TO DO: Restate word for word the lines of the data below, from the first through the one that has "Rodin Stuhl Walnuss".

[Opening DATA EXTRACT section]

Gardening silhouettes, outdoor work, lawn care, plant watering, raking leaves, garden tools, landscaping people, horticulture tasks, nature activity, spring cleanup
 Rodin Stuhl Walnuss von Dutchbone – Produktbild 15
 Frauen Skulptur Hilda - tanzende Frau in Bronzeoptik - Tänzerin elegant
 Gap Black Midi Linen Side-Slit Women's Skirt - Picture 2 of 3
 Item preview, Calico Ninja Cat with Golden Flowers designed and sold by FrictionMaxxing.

[Closing DATA EXTRACT section]

WRITTEN ANSWER:
Gardening silhouettes, outdoor work, lawn care, plant watering, raking leaves, garden tools, landscaping people, horticulture tasks, nature activity, spring cleanup
 Rodin Stuhl Walnuss von Dutchbone – Produktbild 15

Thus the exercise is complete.